#### Source material:
______
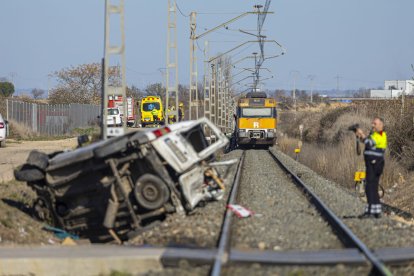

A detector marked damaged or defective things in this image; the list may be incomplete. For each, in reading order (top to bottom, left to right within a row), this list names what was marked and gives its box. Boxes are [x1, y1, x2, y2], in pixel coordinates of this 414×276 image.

overturned vehicle [15, 117, 230, 243]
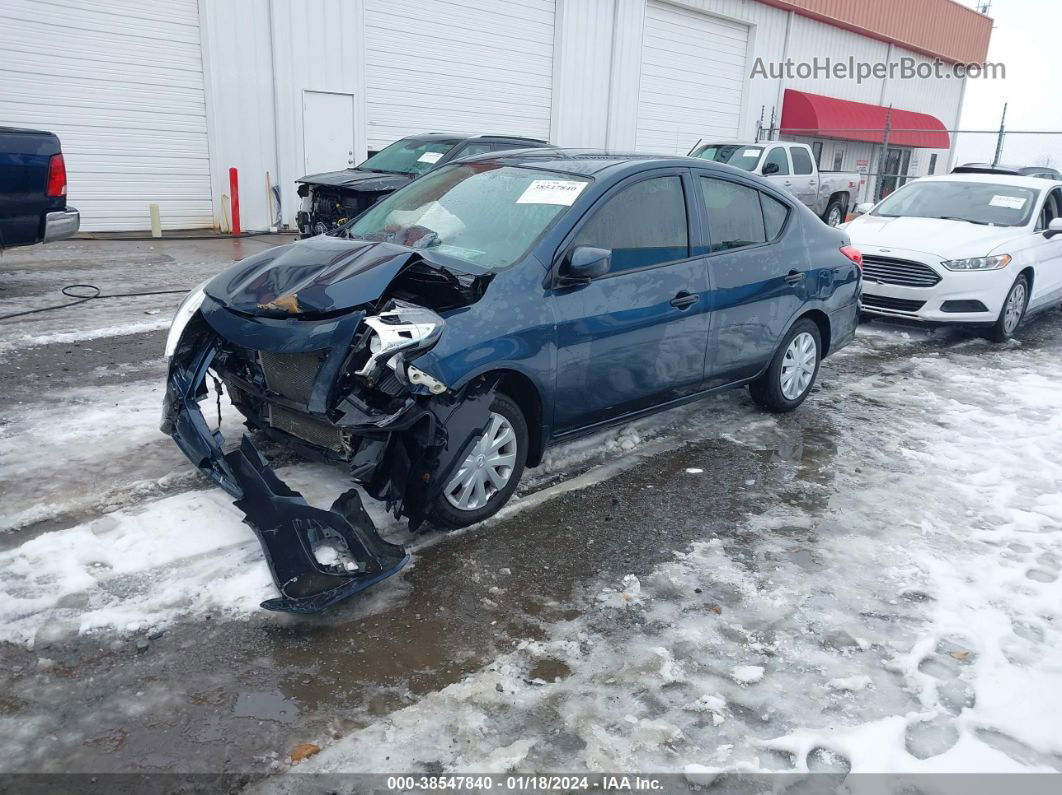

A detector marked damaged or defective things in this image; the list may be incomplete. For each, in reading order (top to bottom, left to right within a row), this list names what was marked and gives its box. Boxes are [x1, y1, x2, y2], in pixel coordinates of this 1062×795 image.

damaged headlight assembly [161, 275, 209, 356]
detached front bumper cover [161, 316, 409, 615]
crumpled hood [204, 234, 424, 314]
crushed front end [159, 251, 494, 611]
crumpled hood [301, 167, 416, 192]
damaged car behind [163, 148, 862, 611]
damaged blue sedan [165, 147, 862, 607]
crumpled hood [845, 214, 1019, 257]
______
Which lines run from the one containing "this 1062×795 image." to the end of the records? Transcribe exactly those, both ends included.

#### Task solution:
A detector marked damaged or defective things in this image; the list may be incomplete. For each, in reading order (top to bottom, left to right within a row), this list names what was marked and gives its box. Boxes are [x1, y1, x2, y2], in pixel coordinates of this 1062×795 image.

damaged headlight assembly [161, 275, 209, 356]
detached front bumper cover [161, 316, 409, 615]
crumpled hood [204, 234, 424, 314]
crushed front end [159, 251, 494, 611]
crumpled hood [301, 167, 416, 192]
damaged car behind [163, 148, 862, 611]
damaged blue sedan [165, 147, 862, 607]
crumpled hood [845, 214, 1019, 257]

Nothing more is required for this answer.